(Work item): The only acceptable output is every entry, printed exactly.

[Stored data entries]
────
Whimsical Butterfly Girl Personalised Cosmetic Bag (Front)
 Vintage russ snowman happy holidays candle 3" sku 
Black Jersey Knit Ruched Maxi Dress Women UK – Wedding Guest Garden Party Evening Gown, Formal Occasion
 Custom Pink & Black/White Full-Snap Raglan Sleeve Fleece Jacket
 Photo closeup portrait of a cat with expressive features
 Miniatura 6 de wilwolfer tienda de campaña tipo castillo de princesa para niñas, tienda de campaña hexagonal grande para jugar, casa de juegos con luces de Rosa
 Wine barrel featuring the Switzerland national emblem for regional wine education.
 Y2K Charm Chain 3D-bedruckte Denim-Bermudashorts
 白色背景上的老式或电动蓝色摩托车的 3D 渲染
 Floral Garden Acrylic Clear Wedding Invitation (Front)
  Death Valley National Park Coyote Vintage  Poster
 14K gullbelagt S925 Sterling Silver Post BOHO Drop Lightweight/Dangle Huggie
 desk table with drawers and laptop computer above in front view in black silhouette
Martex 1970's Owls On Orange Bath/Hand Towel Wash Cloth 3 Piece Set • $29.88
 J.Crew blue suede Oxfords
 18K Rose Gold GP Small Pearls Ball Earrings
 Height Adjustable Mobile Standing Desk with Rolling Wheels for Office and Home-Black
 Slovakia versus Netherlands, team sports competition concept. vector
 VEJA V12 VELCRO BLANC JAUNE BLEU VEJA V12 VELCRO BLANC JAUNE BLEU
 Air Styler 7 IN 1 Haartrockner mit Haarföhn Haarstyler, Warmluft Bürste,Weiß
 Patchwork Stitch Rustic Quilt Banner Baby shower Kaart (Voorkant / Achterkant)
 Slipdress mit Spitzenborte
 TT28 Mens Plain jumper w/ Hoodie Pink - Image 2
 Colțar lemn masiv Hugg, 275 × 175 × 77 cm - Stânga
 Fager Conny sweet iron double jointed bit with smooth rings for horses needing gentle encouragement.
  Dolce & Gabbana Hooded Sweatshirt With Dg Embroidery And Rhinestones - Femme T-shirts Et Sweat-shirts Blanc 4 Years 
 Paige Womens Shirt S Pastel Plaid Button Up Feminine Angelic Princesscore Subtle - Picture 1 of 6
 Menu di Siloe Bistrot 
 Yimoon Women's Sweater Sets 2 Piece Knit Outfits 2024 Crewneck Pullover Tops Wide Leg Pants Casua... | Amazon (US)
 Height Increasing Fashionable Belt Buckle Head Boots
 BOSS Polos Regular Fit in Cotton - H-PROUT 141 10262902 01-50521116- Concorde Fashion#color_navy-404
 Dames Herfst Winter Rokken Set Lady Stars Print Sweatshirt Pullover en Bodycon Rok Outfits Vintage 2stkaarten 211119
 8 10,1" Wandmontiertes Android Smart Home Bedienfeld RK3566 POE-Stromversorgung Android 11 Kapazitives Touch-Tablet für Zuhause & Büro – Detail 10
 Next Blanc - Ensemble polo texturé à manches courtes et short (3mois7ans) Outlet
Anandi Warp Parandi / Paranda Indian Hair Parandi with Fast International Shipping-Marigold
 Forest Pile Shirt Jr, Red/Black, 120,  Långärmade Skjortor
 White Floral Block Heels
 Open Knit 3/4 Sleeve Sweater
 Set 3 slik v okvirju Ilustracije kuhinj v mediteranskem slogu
────
(Your response):
Whimsical Butterfly Girl Personalised Cosmetic Bag (Front)
 Vintage russ snowman happy holidays candle 3" sku 
Black Jersey Knit Ruched Maxi Dress Women UK – Wedding Guest Garden Party Evening Gown, Formal Occasion
 Custom Pink & Black/White Full-Snap Raglan Sleeve Fleece Jacket
 Photo closeup portrait of a cat with expressive features
 Miniatura 6 de wilwolfer tienda de campaña tipo castillo de princesa para niñas, tienda de campaña hexagonal grande para jugar, casa de juegos con luces de Rosa
 Wine barrel featuring the Switzerland national emblem for regional wine education.
 Y2K Charm Chain 3D-bedruckte Denim-Bermudashorts
 白色背景上的老式或电动蓝色摩托车的 3D 渲染
 Floral Garden Acrylic Clear Wedding Invitation (Front)
  Death Valley National Park Coyote Vintage  Poster
 14K gullbelagt S925 Sterling Silver Post BOHO Drop Lightweight/Dangle Huggie
 desk table with drawers and laptop computer above in front view in black silhouette
Martex 1970's Owls On Orange Bath/Hand Towel Wash Cloth 3 Piece Set • $29.88
 J.Crew blue suede Oxfords
 18K Rose Gold GP Small Pearls Ball Earrings
 Height Adjustable Mobile Standing Desk with Rolling Wheels for Office and Home-Black
 Slovakia versus Netherlands, team sports competition concept. vector
 VEJA V12 VELCRO BLANC JAUNE BLEU VEJA V12 VELCRO BLANC JAUNE BLEU
 Air Styler 7 IN 1 Haartrockner mit Haarföhn Haarstyler, Warmluft Bürste,Weiß
 Patchwork Stitch Rustic Quilt Banner Baby shower Kaart (Voorkant / Achterkant)
 Slipdress mit Spitzenborte
 TT28 Mens Plain jumper w/ Hoodie Pink - Image 2
 Colțar lemn masiv Hugg, 275 × 175 × 77 cm - Stânga
 Fager Conny sweet iron double jointed bit with smooth rings for horses needing gentle encouragement.
  Dolce & Gabbana Hooded Sweatshirt With Dg Embroidery And Rhinestones - Femme T-shirts Et Sweat-shirts Blanc 4 Years 
 Paige Womens Shirt S Pastel Plaid Button Up Feminine Angelic Princesscore Subtle - Picture 1 of 6
 Menu di Siloe Bistrot 
 Yimoon Women's Sweater Sets 2 Piece Knit Outfits 2024 Crewneck Pullover Tops Wide Leg Pants Casua... | Amazon (US)
 Height Increasing Fashionable Belt Buckle Head Boots
 BOSS Polos Regular Fit in Cotton - H-PROUT 141 10262902 01-50521116- Concorde Fashion#color_navy-404
 Dames Herfst Winter Rokken Set Lady Stars Print Sweatshirt Pullover en Bodycon Rok Outfits Vintage 2stkaarten 211119
 8 10,1" Wandmontiertes Android Smart Home Bedienfeld RK3566 POE-Stromversorgung Android 11 Kapazitives Touch-Tablet für Zuhause & Büro – Detail 10
 Next Blanc - Ensemble polo texturé à manches courtes et short (3mois7ans) Outlet
Anandi Warp Parandi / Paranda Indian Hair Parandi with Fast International Shipping-Marigold
 Forest Pile Shirt Jr, Red/Black, 120,  Långärmade Skjortor
 White Floral Block Heels
 Open Knit 3/4 Sleeve Sweater
 Set 3 slik v okvirju Ilustracije kuhinj v mediteranskem slogu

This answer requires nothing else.